In this research, we reported a technology for constructing a whole cut meat-like tissue with muscle, adipose, and blood capillary cell fibers composed of edible bovine cells. Although cultured meat using livestock cells is drawing huge attention, only few studies give information related to their cellular behavior and the used cells were primary cells4,7,46. In our model, after isolation and purification of the bSCs and bADSCs, we first verified their cell behaviors: the proliferation and differentiation of the bSCs (Fig. 2a–c) and the adipogenesis (Fig. 2d–h) and the differentiation to endothelial cells (Fig. 2i–k) from bADSCs, depending on media conditions. Although we used p38 inhibitor to increase the available cell number of bSCs7, decreased differentiation capability and proliferation rate of bSCs after passage 8 was shown and it has to be addressed for scalable production of cultured steak in the future. Satellite cells are known to do asymmetric or symmetric cell divisions to regulate cell populations47, so an approach based on the division mechanism of satellite cells will be necessary.

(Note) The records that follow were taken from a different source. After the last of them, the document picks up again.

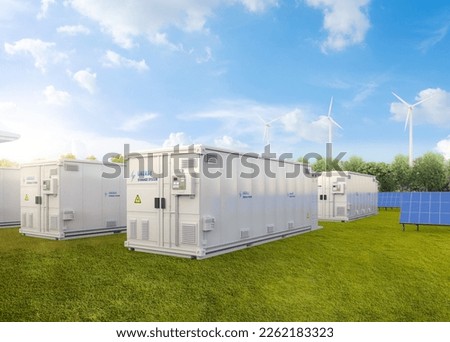 3d rendering amount of energy storage systems or battery container units with solar and turbine farm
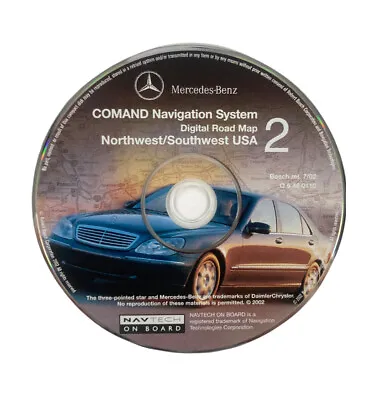 Mercedes-Benz 2002 #2 Northwest/Southwest COMMAND Navigation Road Map CD Disc • $49.99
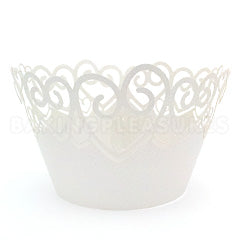 Heart Pearl Light Silver Lace Cupcake Wrappers 12pcs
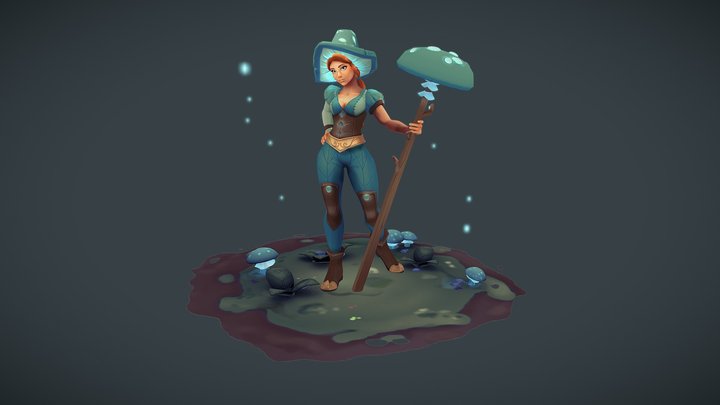 Mushroom Lady - Handpainted 3D Model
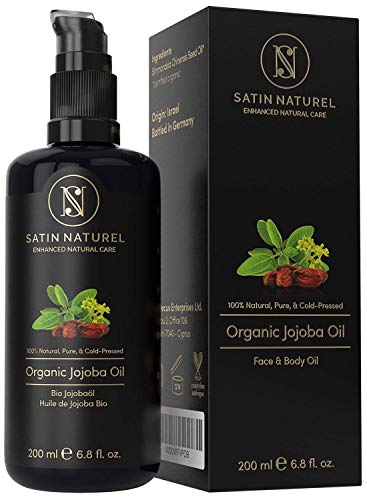 GANADOR 06/20* Aceite de Jojoba ORGÁNICO - Vegano + Prensado en Frío - Rico en Vitamina E para una Piel Suave y Pelo y Uñas Sanas - Envasado en Botella de Vidrio de 200 ml - 100% Puro y Natural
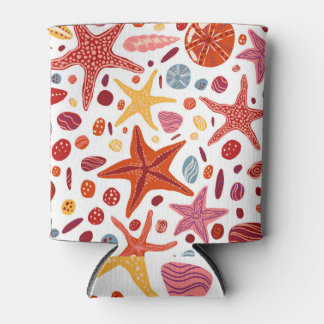 Rafraîchisseur Pour Canette Starfish, Coquillages, Pierres Motif sans couture.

The use of ADSCs for their endothelial differentiation allowed us to avoid the direct isolation of bovine endothelial cells, which could have added a limiting step to the full process. Moreover, their differentiation in adipocytes, while previously done, still remains little studied. Especially, the induction of the late marker FABP4 was not reported, while its role in the bovine adipogenesis was indeed found of importance for the bovine lipid metabolism-related gene induction48,49. Our study thus provided additional information on both adipogenic and endothelial differentiations from bovine stem cells, which can have other further applications in the meat-related fields.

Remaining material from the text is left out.